Vehbi bey ikna olmamıştı. "Peki , ben ikaz ettim, gerisi size kalmış, gidin, Allah yolunuzu açık etsin" dedi. Ancak Suna Kıraç daha ilk adımda ısrarlı bir vakıf gönüllüsü oluvermişti. "Vehbi Bey, vakıf için bir bağışta bulunmayacak mısınız" diye sordu. Vehbi Koç dile getirdiği kaygılarından hareketle "Yok" dedi. "Evvela hareketinizi takip edeceğim, başardığınızı görürsem bir şeyler düşünürüz.

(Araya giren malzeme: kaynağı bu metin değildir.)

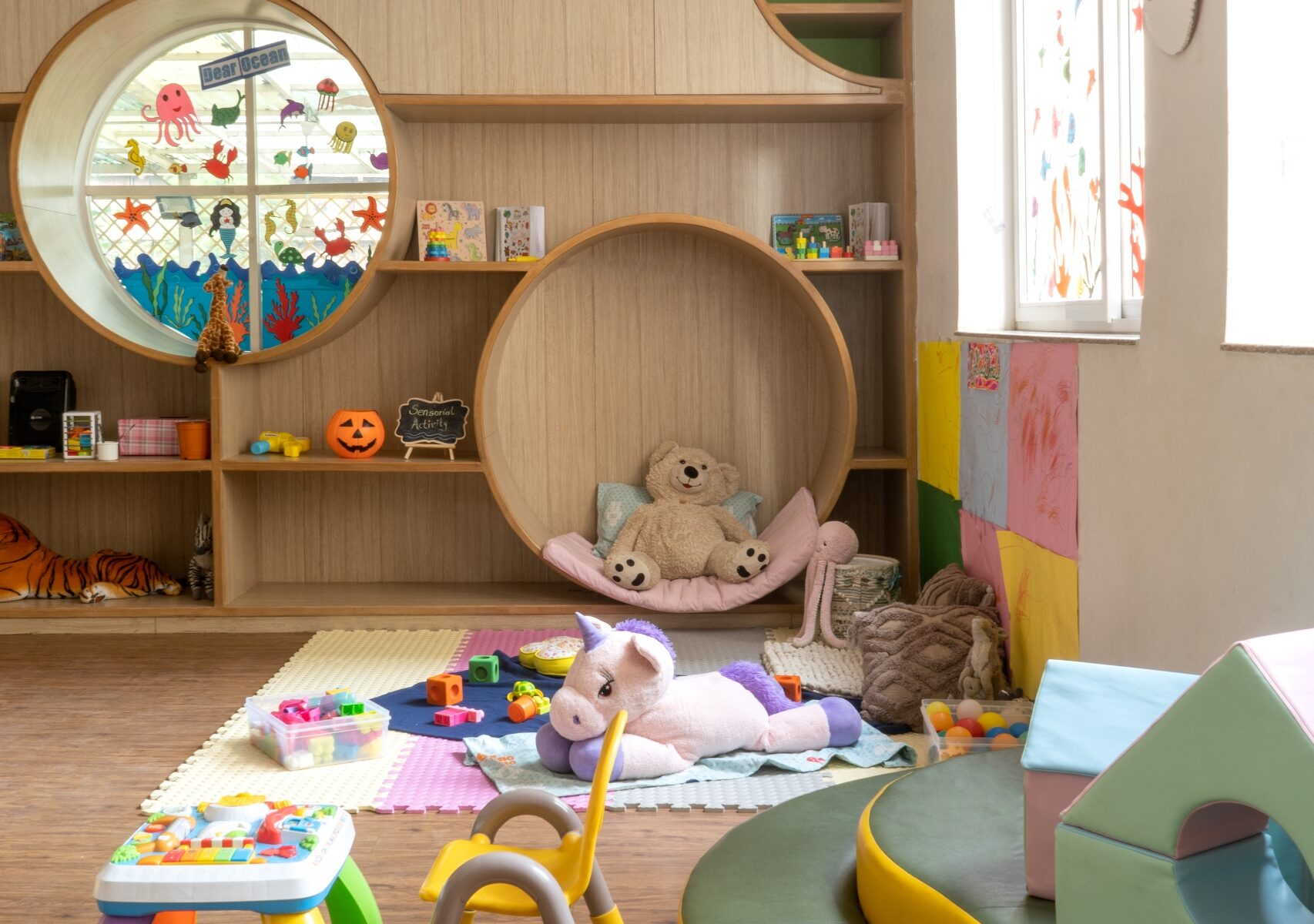 Little Unicorn’s Preschool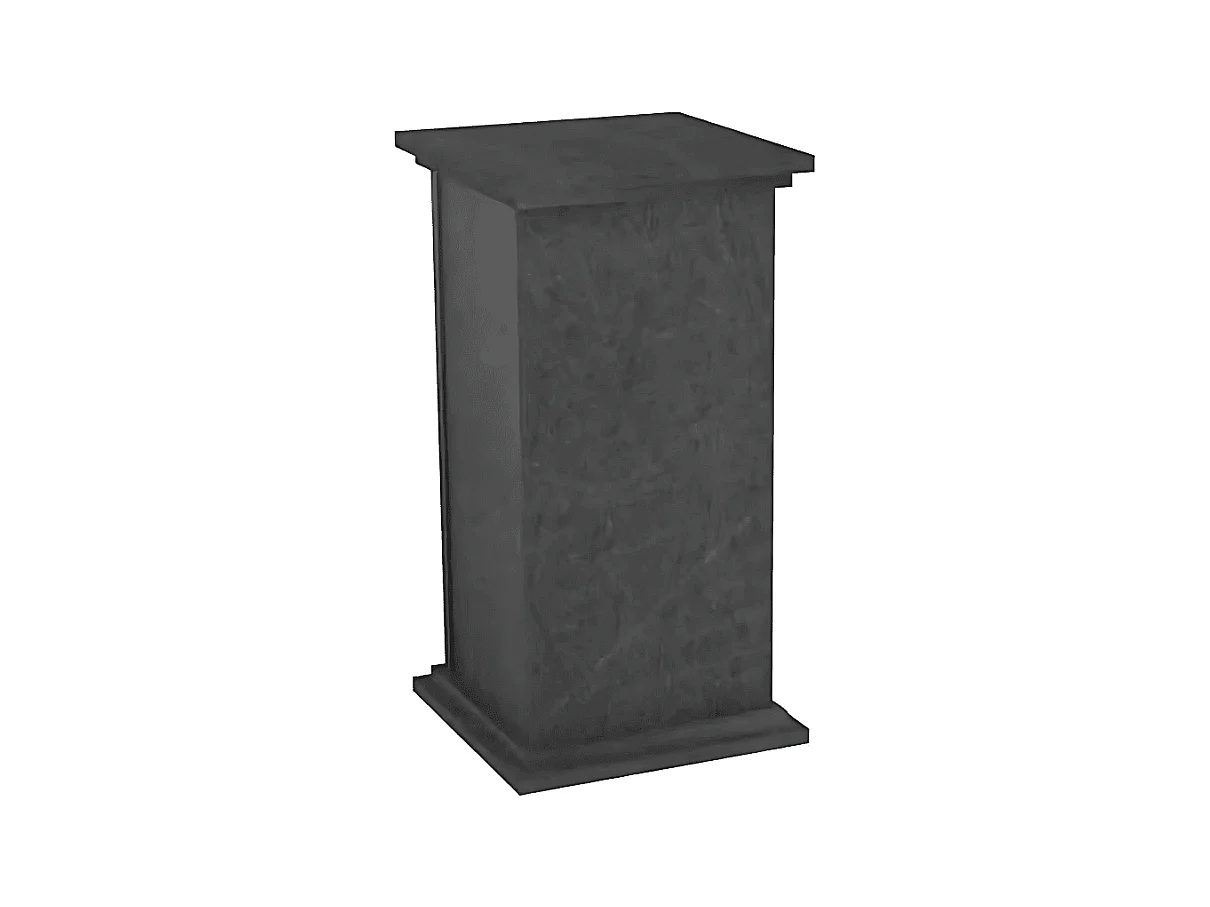 Colonne de Rangement 1 Porte H57,4 cm - Essex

Bu konuşma Suna Kıraç için tarihi bir dönüm noktasıydı. İlk kez babasıyla bir konuda görüş ayrılığına düşmüştü. Daha da önemlisi Vehbi Koç'un şerhine rağmen projeye başlama kararı almıştı. Şimdi bu tarihi proje kişisel bir sorumluluğa da dönüşmüştü.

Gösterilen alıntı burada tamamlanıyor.